Dr. Ashley Bernotas: Yeah. No. And obviously, I don't prescribe below the FDA limit. So, I do have some patients who don't quite meet that. However, let's say they've met it in the past. So, I do have some patients who've had bariatric surgery. And they're starting to creep back up. So then, we talk about, "Okay, well, their BMI was 43." They may be at like, you know, 26.9. I say, "Okay, come back. We're going to keep on monitoring you. If it gets into higher than 27, then we'll talk about medications, if that's what you really want," because they do want to maintain a lower body fat percentage and kind of a lower BMI.
Host: We hear all of the different names, the different brand names. I always wonder what is the difference between them. I see the commercial for this one, the commercial for that one, and I'm like, I know a friend who's on this one. Somebody else is talking about that. How do you know which one to go with? How do you prescribe, you know, one shot versus another, or one dose versus another?
Dr. Ashley Bernotas: Yeah. I would say the best medications out there currently are the injectables. Bariatric surgery is still the number one form of weight loss. And then, second to that are the injectables, and then we get into the oral medications. And so, I tell patients really, "If your insurance will cover the injectables, that is your best bet." That is the once-a-week injection, fewest side effects, and the largest amount of weight loss. And there are four main ones. I call them sisters and cousins. So, Ozempic and Wegovy are sisters. They're the exact same medication. They just have different names. Ozempic is for patients with diabetes and Wegovy is for patients without diabetes.
Host: Okay.
Dr. Ashley Bernotas: And then, there's their cousin, Mounjaro and Zepbound. And Mounjaro is for patients with diabetes and Zepbound is for patients without diabetes. And so, those are the four injectables that are on the market currently.
Host: You mentioned side effects. What are we talking in terms of side effects?

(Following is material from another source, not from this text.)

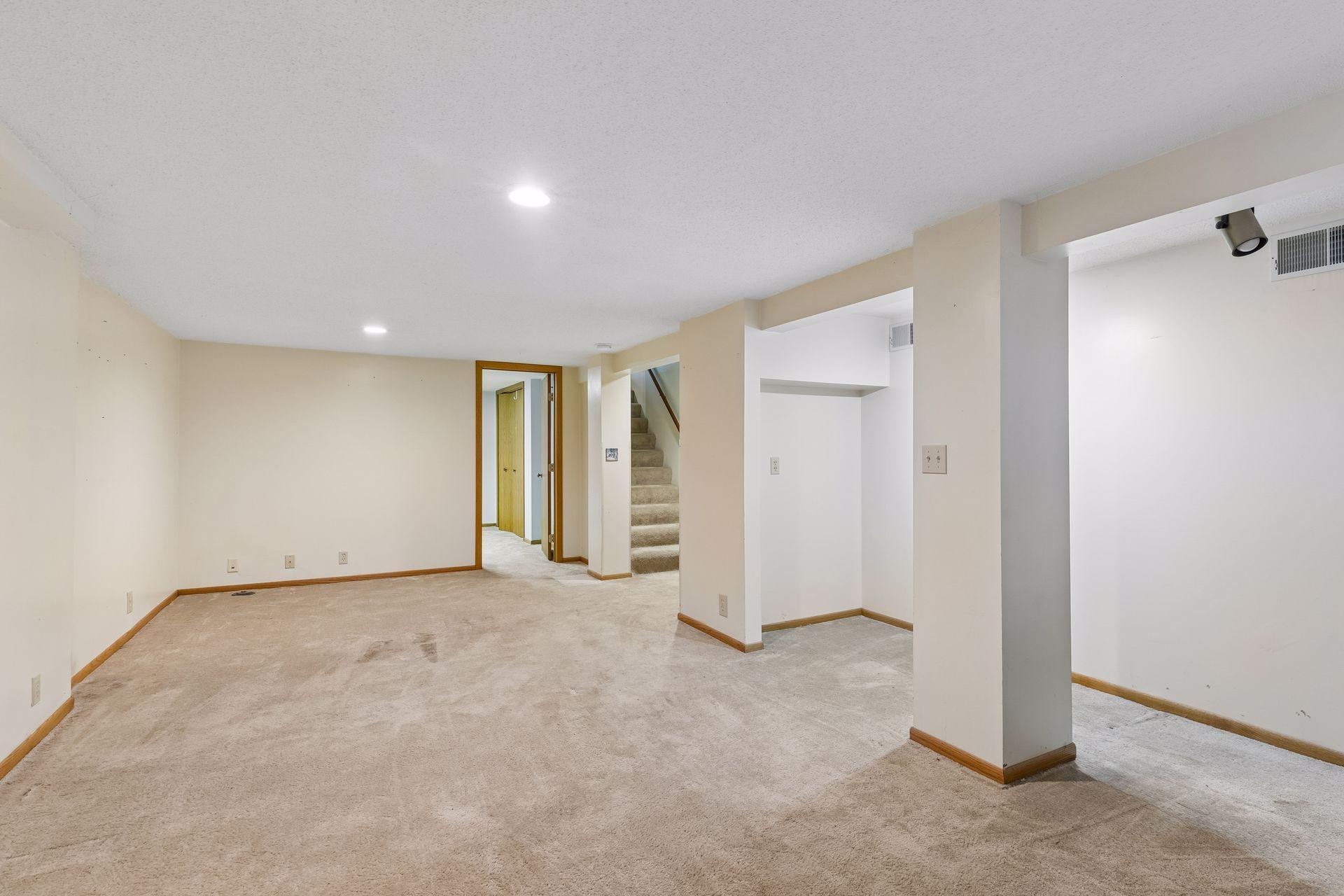 View of Residential at 2814 Pennsylvania Avenue, Saint Louis Park MN 55426, Saint Louis Park (19 of 25) - Mike Wilen | Minnesota Team Real Estate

Dr. Ashley Bernotas: So, I actually find that the side effects aren't as bad as people say, and I don't know if that's just, you know, patient dependent. My patients don't seem to have a lot of side effects.
Host: Yeah. We always focus on the negative too.
Dr. Ashley Bernotas: We do, but I don't increase very quickly. I increase based on how the patient feels, and I'm not just increasing without talking to the patient and seeing how they're feeling on the medication. So, I think that helps as well. But the biggest side effect is nausea. The second one would be constipation. And those are pretty much the top two that I hear of. Sometimes patients will get these sulfur burps that they talk about as they get higher on the doses of medications, and they do go away. It's very dose dependent. Some people don't get them at all. You know, it's very interesting.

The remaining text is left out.